# Thread: change of variable: divide by zero?

1. ## change of variable: divide by zero?

Say X is a uniform random var on [-1,1], so$\displaystyle f_X(x)=1/2$ on [-1,1]. I want to find the density of $\displaystyle Y=g(X)=X^3$ over [g(-1),g(1)]=[-1,1]. g is a monotonic function so everything should be kosher. I look up the change of variable formula on wikipedia:

$\displaystyle f_Y(y)=|1/g'(g^{-1}(y))|f_X(g^{-1}(y))$

So I do some algebra:
$\displaystyle g(x)=x^3$
$\displaystyle g'(x)=3x^2$
$\displaystyle g^{-1}(y)=y^{1/3}$
so $\displaystyle g'(g^{-1}(y))=g'(y^{1/3})=3y^{2/3}$
thus
$\displaystyle f_Y(y)=|1/3y^{2/3}|*(1/2)$

But there's a singularity/asymtopes at y=0!... am I doing something wrong?
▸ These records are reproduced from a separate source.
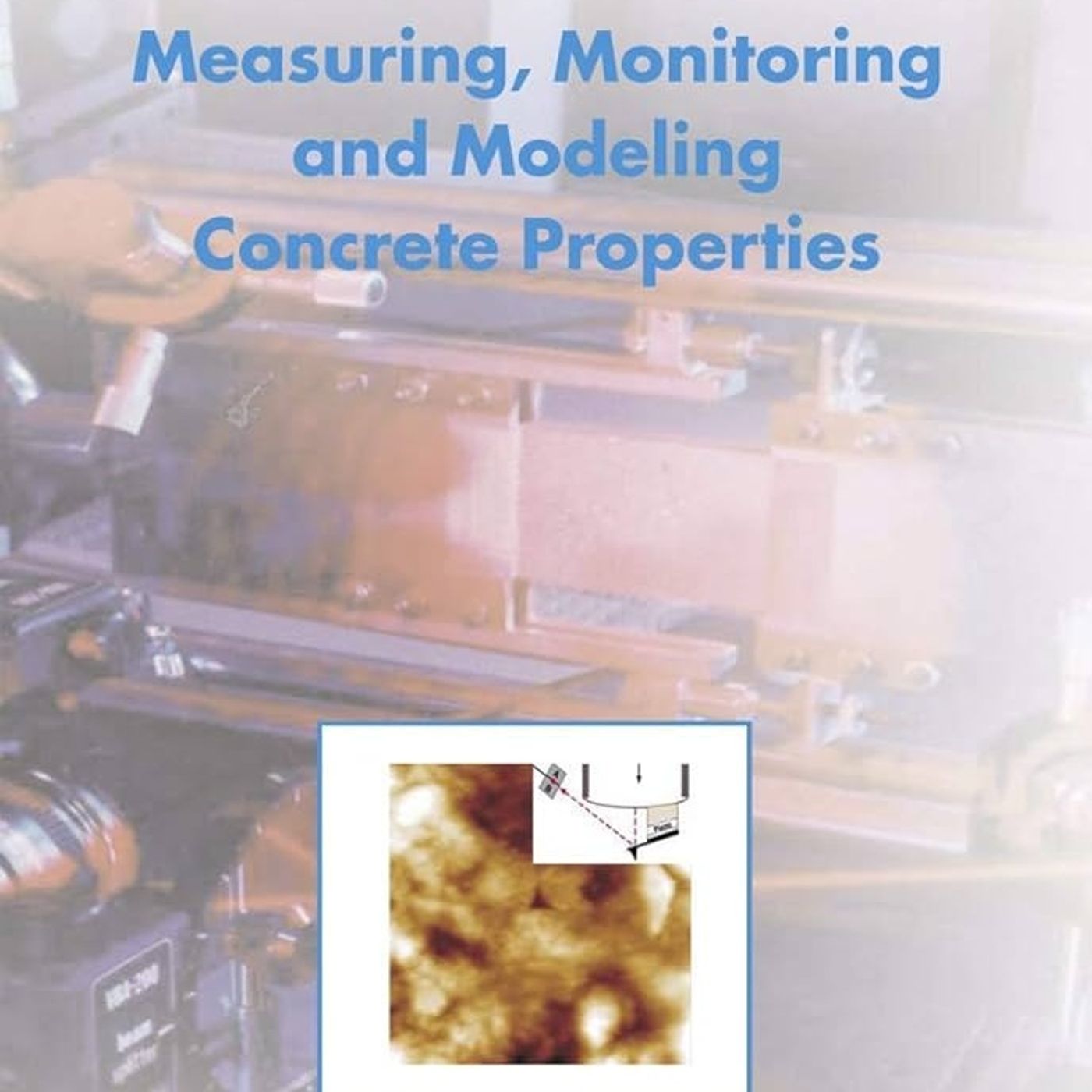 Measuring, Monitoring and Modeling Concrete Properties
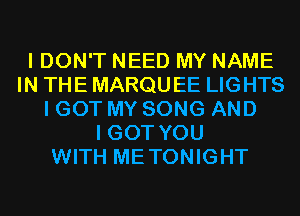 I DON'T NEED MY NAME
IN THE MARQU EE LIGHTS
I GOT MY SONG AND
I GOT YOU
WITH METONIGHT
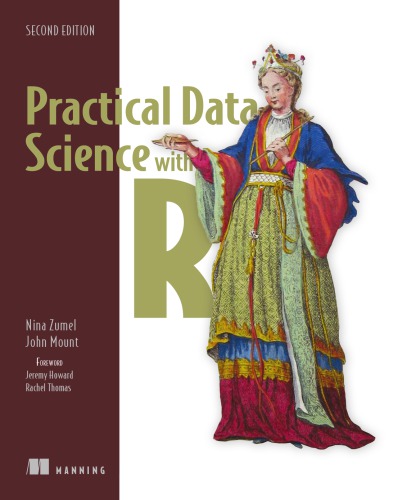 Practical Data Science With R 2nd Edition Nina Zumel John Mount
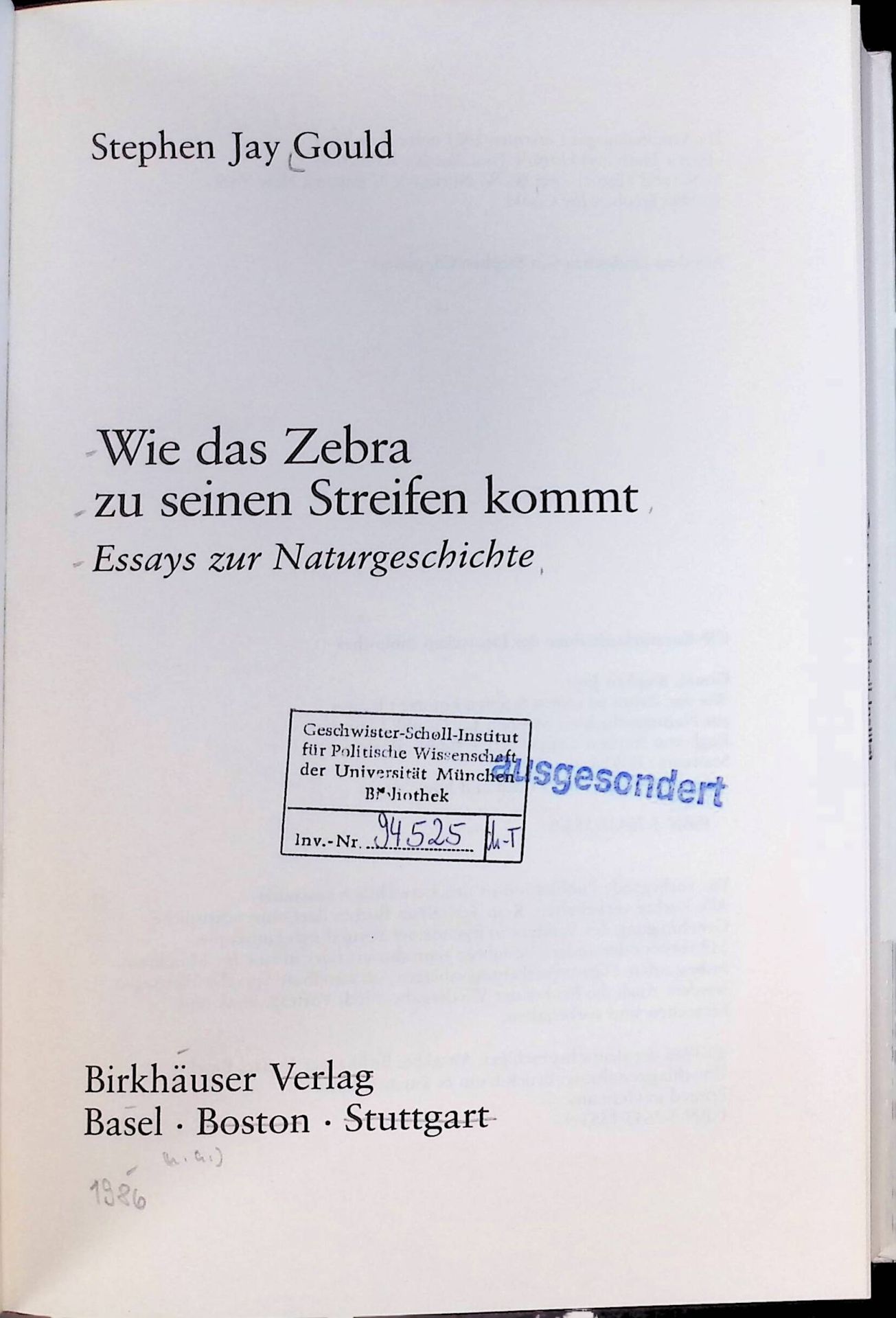 Wie das Zebra zu seinen Streifen kommt : Essays zur Naturgeschichte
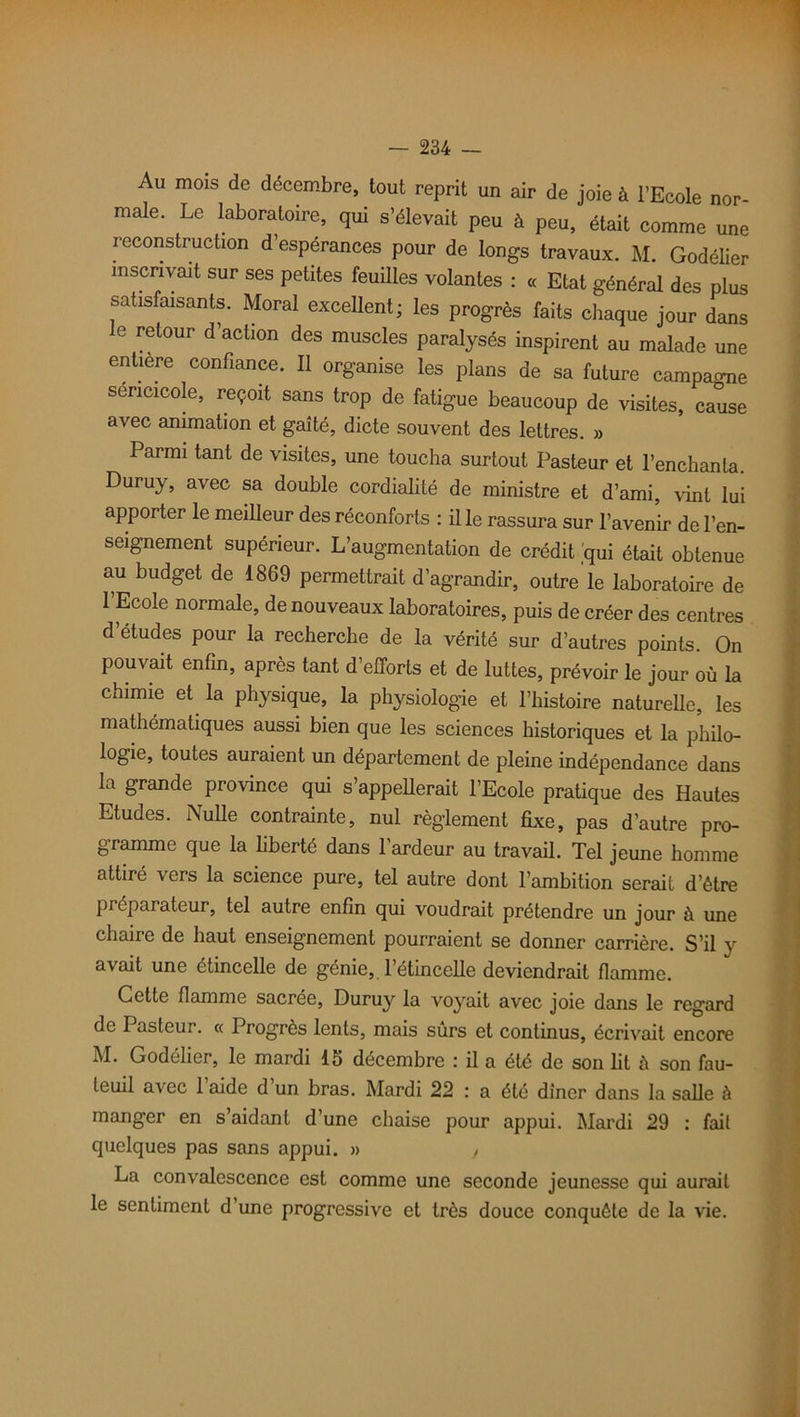 Au mois de décembre, tout reprit un air de joie à l’Ecole nor- male. Le laboratoire, qui s’élevait peu à peu, était comme une reconstruction d’espérances pour de longs travaux. M. Godélier inscrivait sur ses petites feuilles volantes : « Etat général des plus satisfaisants. Moral excellent; les progrès faits chaque jour dans e retour d’action des muscles paralysés inspirent au malade une entière confiance. Il organise les plans de sa future campai sencicole, reçoit sans trop de fatigue beaucoup de visites, cause avec animation et gaîté, dicte souvent des lettres. » Parmi tant de visites, une toucha surtout Pasteur et l’enchanta. Duruy, avec sa double cordialité de ministre et d’ami, vint lui apporter le meilleur des réconforts : il le rassura sur l’avenir de l’en- seignement supérieur. L’augmentation de crédit qui était obtenue au budget de 1869 permettrait d’agrandir, outre le laboratoire de l’Ecole normale, de nouveaux laboratoires, puis de créer des centres d’études pour la recherche de la vérité sur d’autres points. On pouvait enfin, après tant d’efforts et de luttes, prévoir le jour où la chimie et la physique, la physiologie et l’histoire naturelle, les mathématiques aussi bien que les sciences historiques et la philo- logie, toutes auraient un département de pleine indépendance dans la grande province qui s’appellerait l’Ecole pratique des Hautes Etudes. Nulle contrainte, nul règlement fixe, pas d’autre pro- gramme que la liberté dans l’ardeur au travail. Tel jeune homme attiré vers la science pure, tel autre dont l’ambition serait d’être préparateur, tel autre enfin qui voudrait prétendre un jour à une chaire de haut enseignement pourraient se donner carrière. S’il y avait une étincelle de génie, l’étincelle deviendrait flamme. Cette flamme sacrée, Duruy la voyait avec joie dans le regard de Pasteur. « Progrès lents, mais surs et continus, écrivait encore M. Godélier, le mardi 15 décembre : il a été de son lit à son fau- teuil avec 1 aide d un bras. Mardi 22 : a été dîner dans la salle à manger en s’aidant d’une chaise pour appui. Mardi 29 : fait quelques pas sans appui. » , La convalescence est comme une seconde jeunesse qui aurait le sentiment d’une progressive et très douce conquête de la vie.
The books I have conveniently choose random vars so there is no divide by zero (for example, if X was on [1,2] or some other interval where g(x) doesn't cross the x-axis, everything works fine).

2. Hello,

X is uniform over [-1,1]. So the probability that it equals 0 is 0. We say that almost surely, X is different from 0. So it's not a problem if there is a singularity at a given point.

3. Ah, ok. In fact, the integral of $\displaystyle f_Y$ on [-1,1] seems to be 1. So it is alright for density functions to have asymptotes, as long as the integral over the interval doesn't explode to infinity?

4. Well actually, there's just one discontinuity, so it doesn't affect the value of the integral.

5. The condition for that equality should be "strict monotocity". For a rigirous solution of that problem you can partition the function x^3 into two (for x>0 and x<0) where strict monotocity holds.